The required output is the exact text of the lines from the line containing "PAIR CONTEMPORARY UPHOLSTERED OTTOMANS" through the final line below, inclusive, without pictures.

- DATA EXTRACTS:
┄┄┄┄┄┄┄┄┄┄
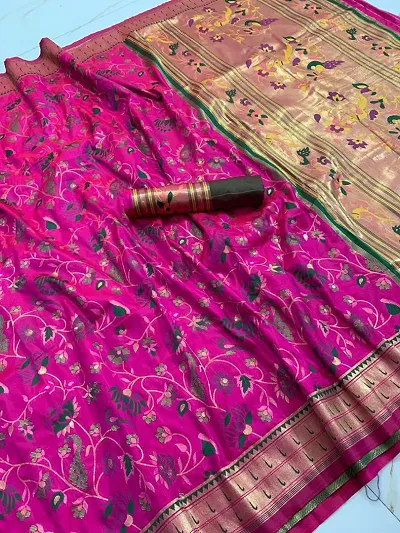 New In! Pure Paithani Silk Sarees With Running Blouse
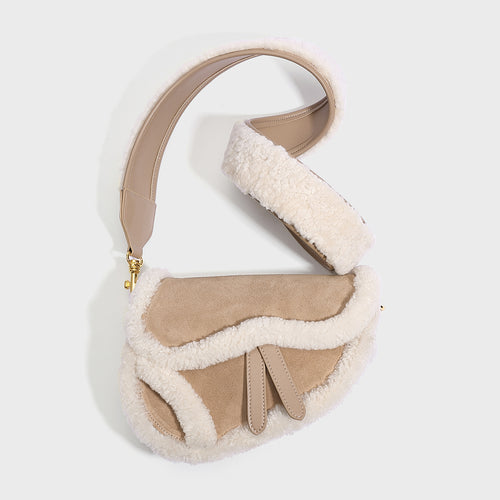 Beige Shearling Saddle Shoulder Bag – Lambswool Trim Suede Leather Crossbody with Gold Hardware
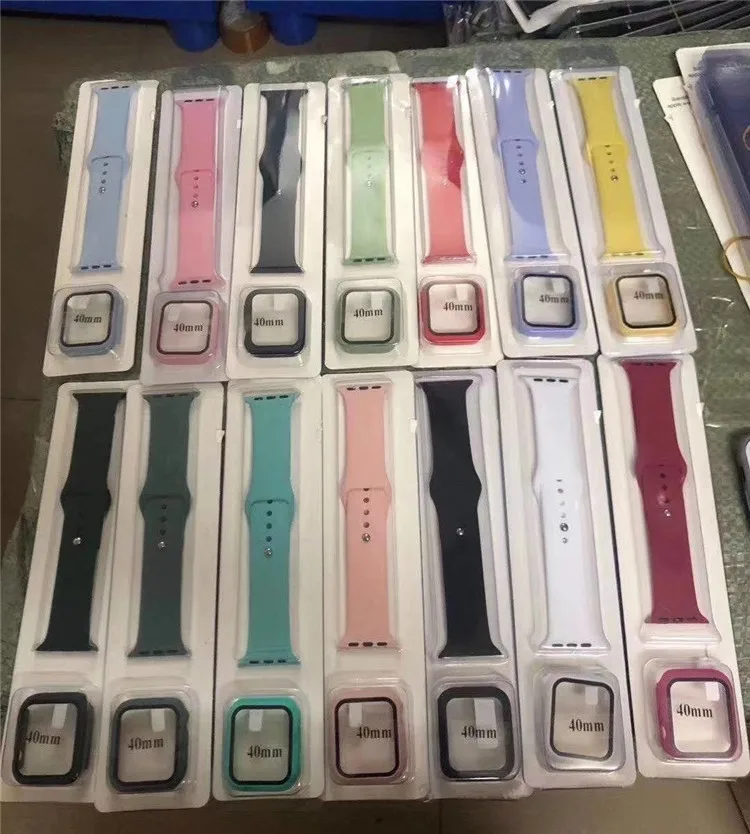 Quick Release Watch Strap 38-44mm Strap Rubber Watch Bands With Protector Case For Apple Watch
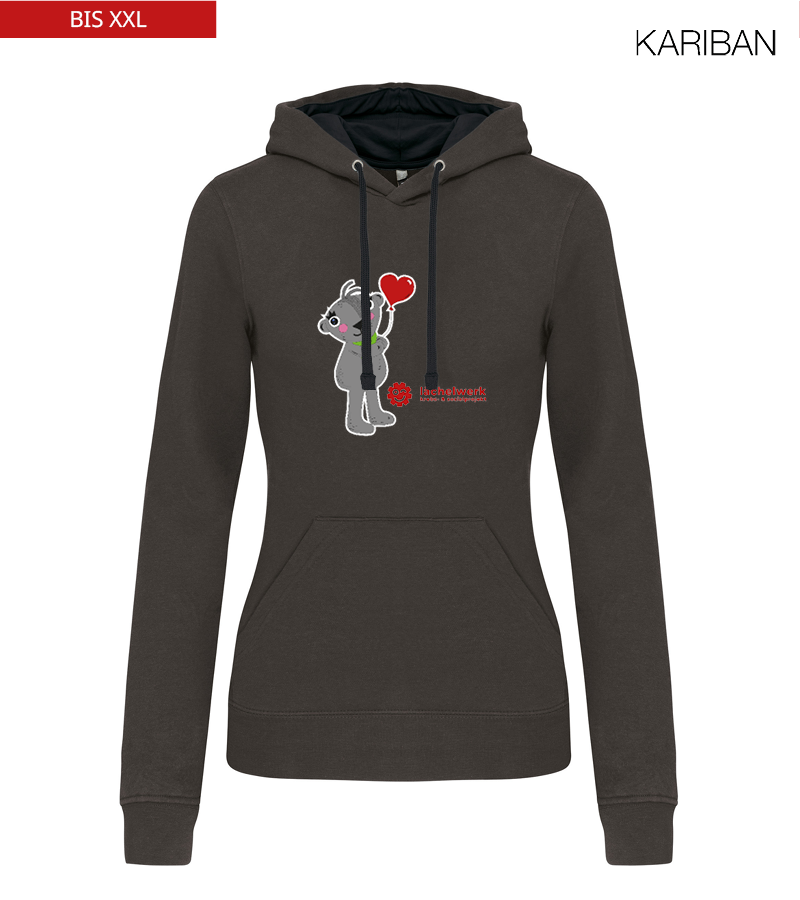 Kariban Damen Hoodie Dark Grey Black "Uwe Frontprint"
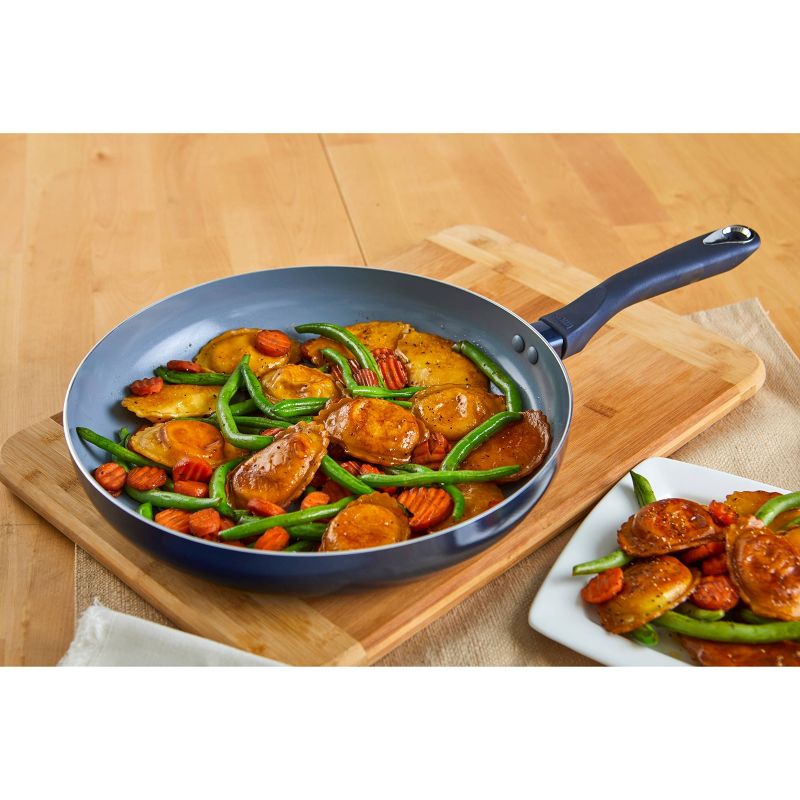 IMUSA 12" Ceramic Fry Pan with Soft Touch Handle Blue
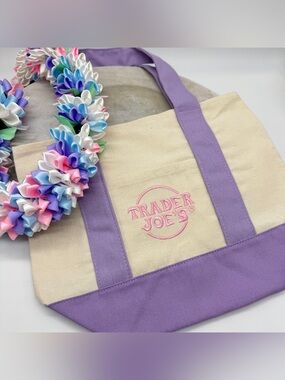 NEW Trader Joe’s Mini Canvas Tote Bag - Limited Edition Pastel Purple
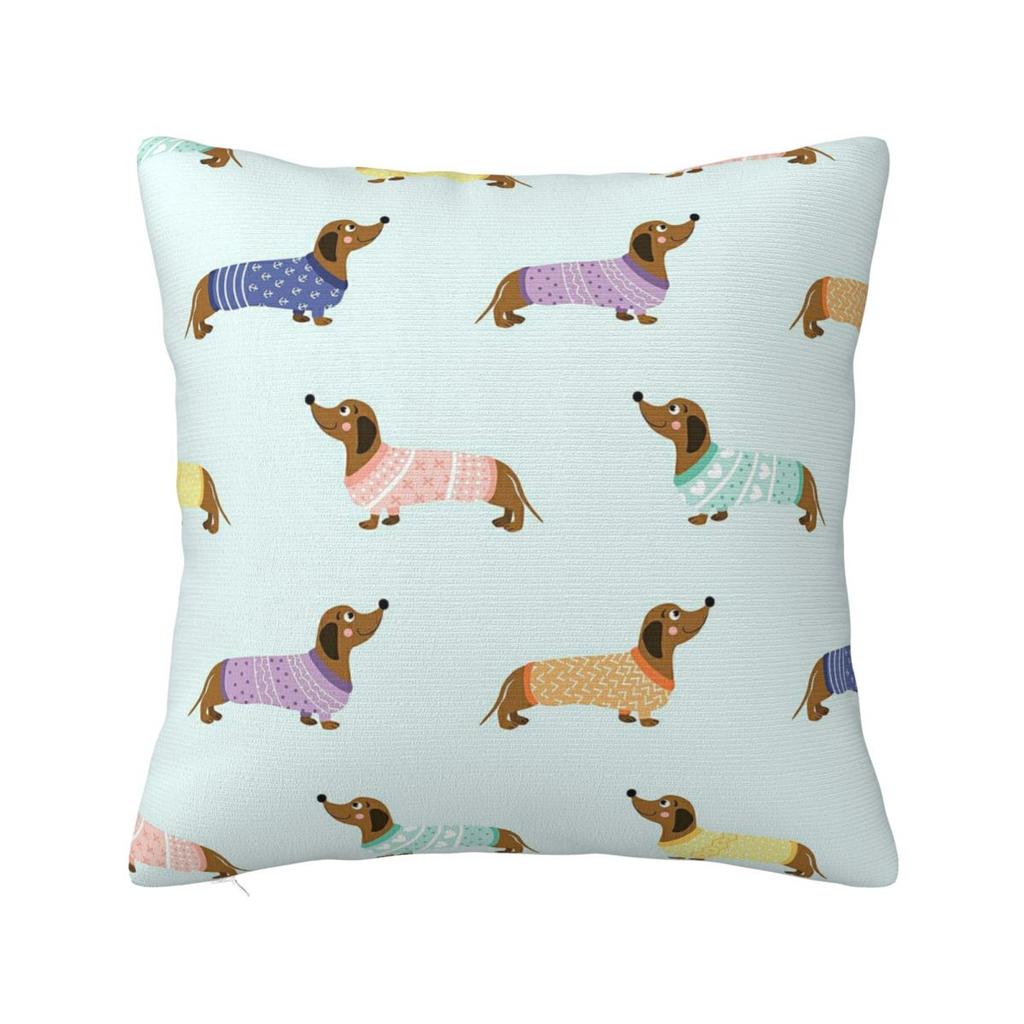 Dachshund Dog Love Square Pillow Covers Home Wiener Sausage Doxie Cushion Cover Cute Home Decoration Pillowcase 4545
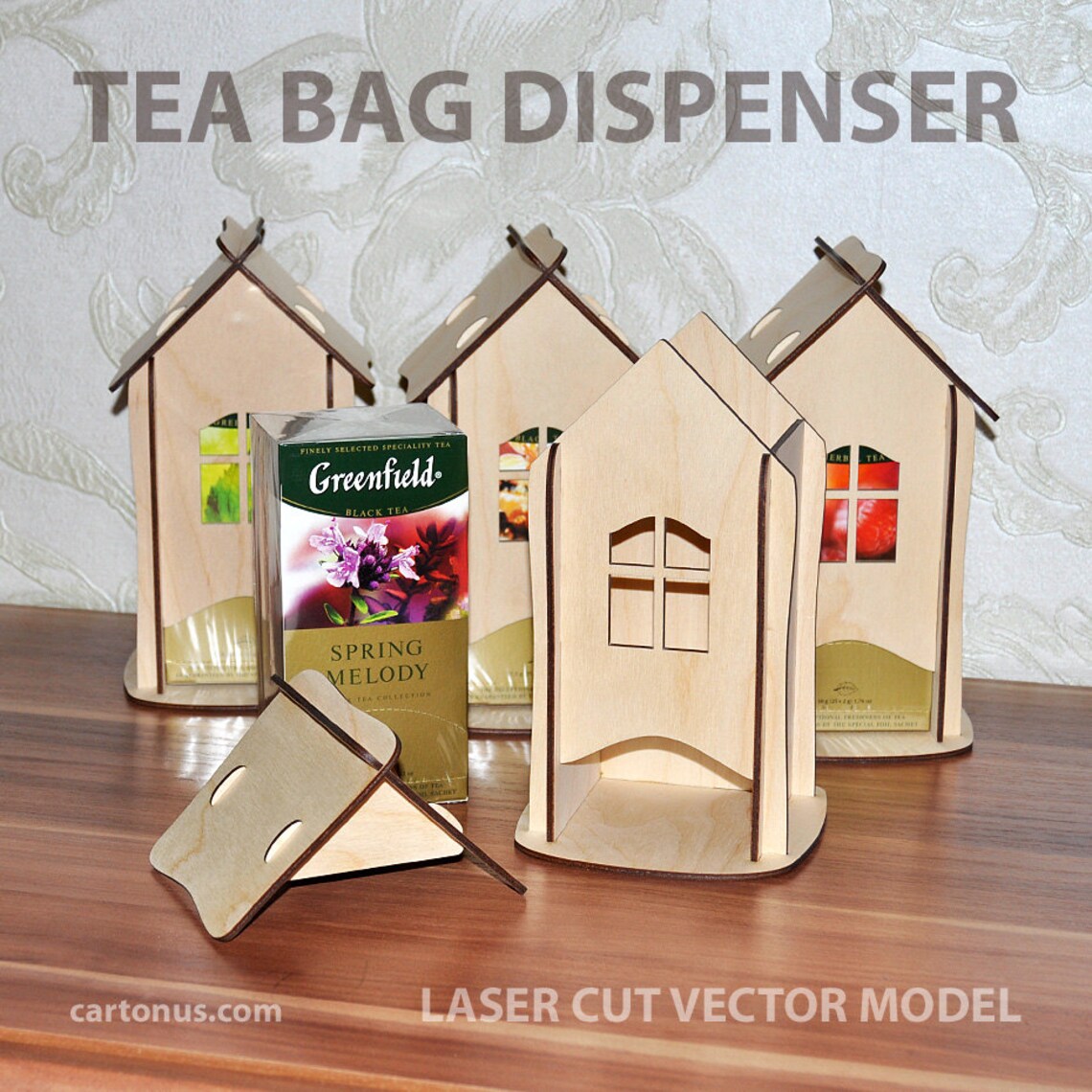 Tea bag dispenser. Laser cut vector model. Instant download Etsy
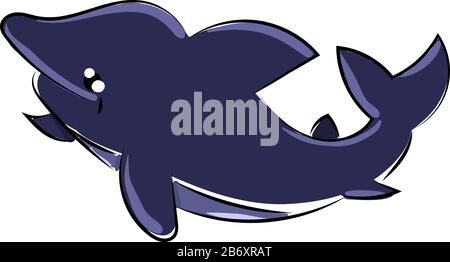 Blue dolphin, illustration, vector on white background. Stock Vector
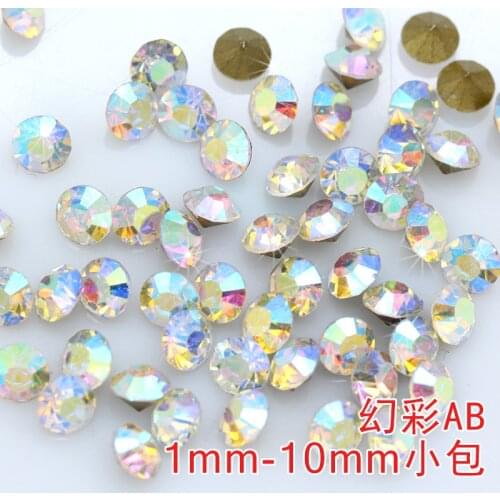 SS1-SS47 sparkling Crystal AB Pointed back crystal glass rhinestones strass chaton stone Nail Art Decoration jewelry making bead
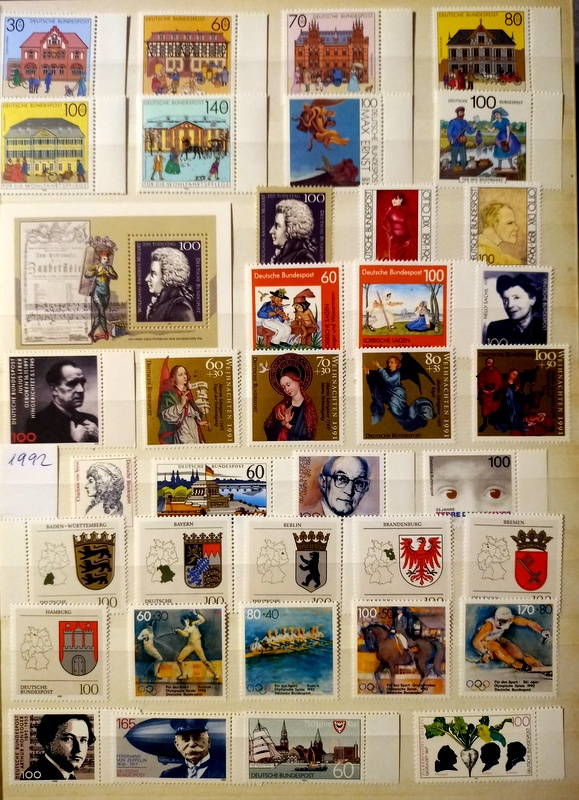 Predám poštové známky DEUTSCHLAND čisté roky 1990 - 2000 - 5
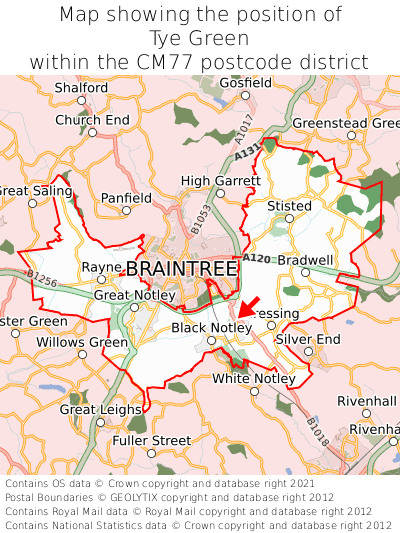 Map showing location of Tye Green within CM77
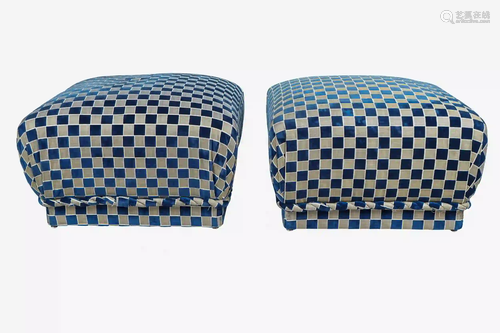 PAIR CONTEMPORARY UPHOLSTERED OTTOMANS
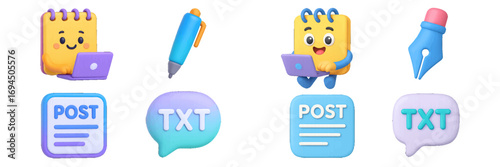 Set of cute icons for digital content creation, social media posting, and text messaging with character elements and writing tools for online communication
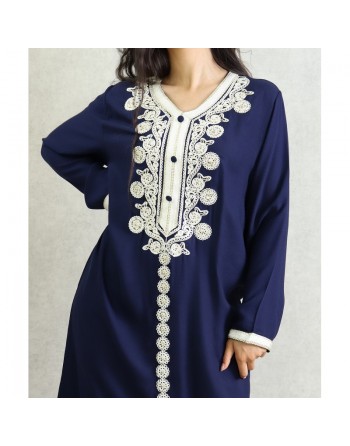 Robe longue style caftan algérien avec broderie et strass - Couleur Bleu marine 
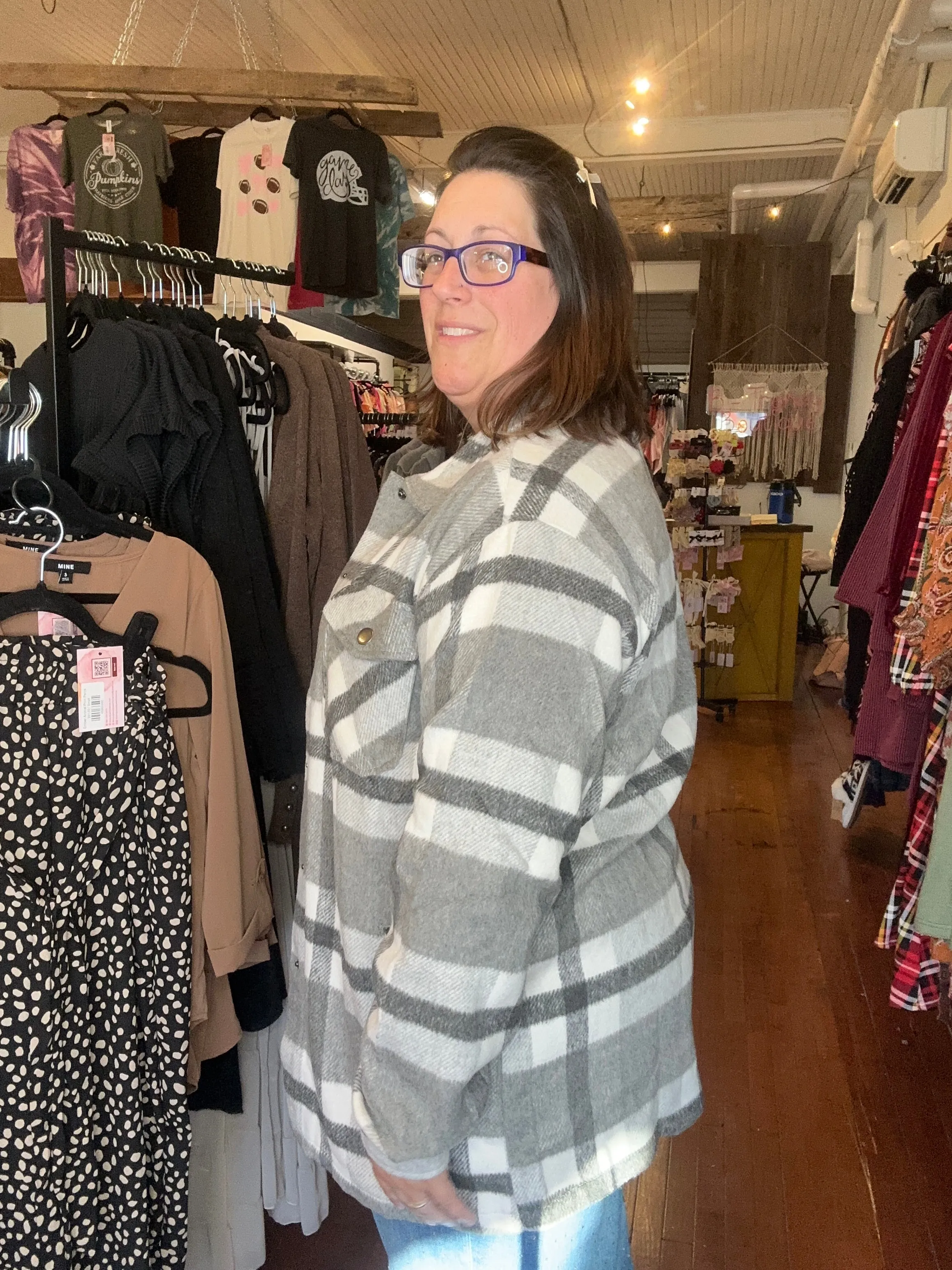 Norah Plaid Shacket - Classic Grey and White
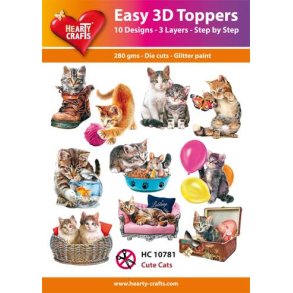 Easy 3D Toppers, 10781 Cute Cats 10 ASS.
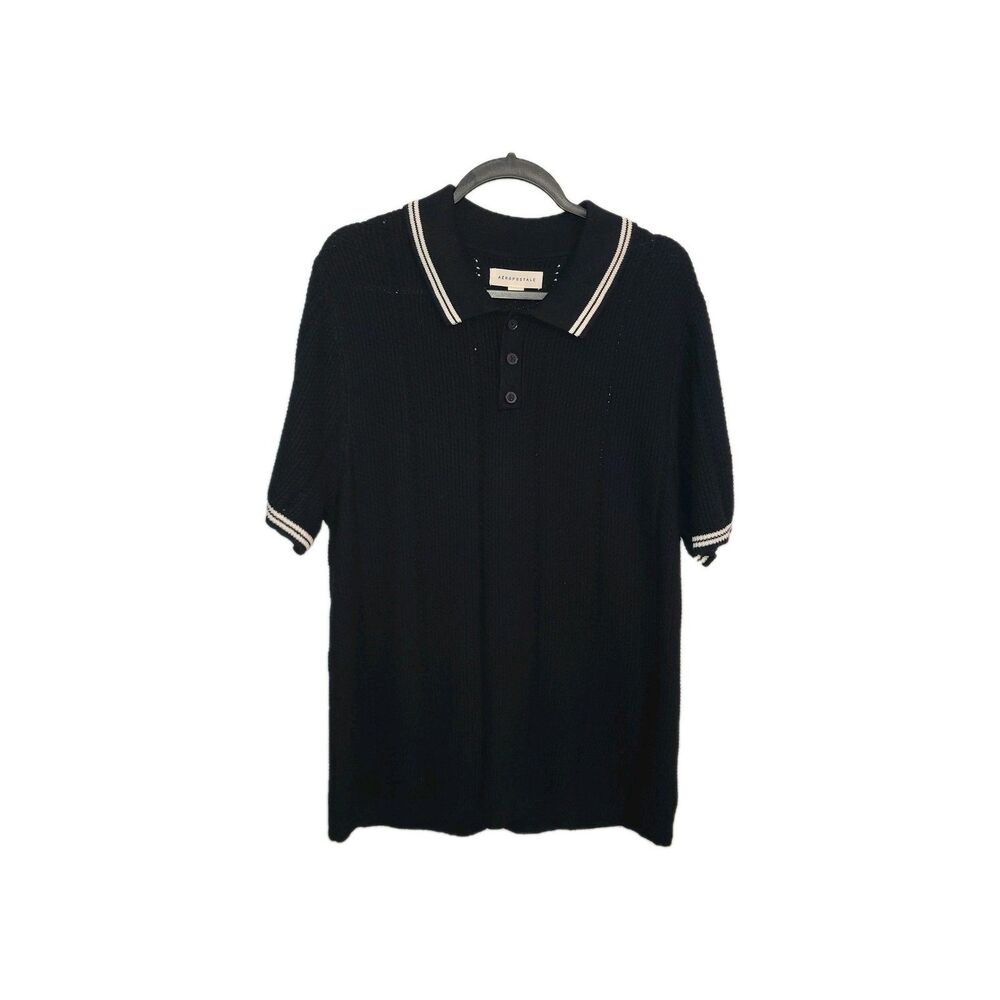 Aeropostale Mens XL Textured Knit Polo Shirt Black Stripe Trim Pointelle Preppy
┄┄┄┄┄┄┄┄┄┄
- RESPONSE:
 PAIR CONTEMPORARY UPHOLSTERED OTTOMANS
 Set of cute icons for digital content creation, social media posting, and text messaging with character elements and writing tools for online communication
 Robe longue style caftan algérien avec broderie et strass - Couleur Bleu marine 
 Norah Plaid Shacket - Classic Grey and White
 Easy 3D Toppers, 10781 Cute Cats 10 ASS.
 Aeropostale Mens XL Textured Knit Polo Shirt Black Stripe Trim Pointelle Preppy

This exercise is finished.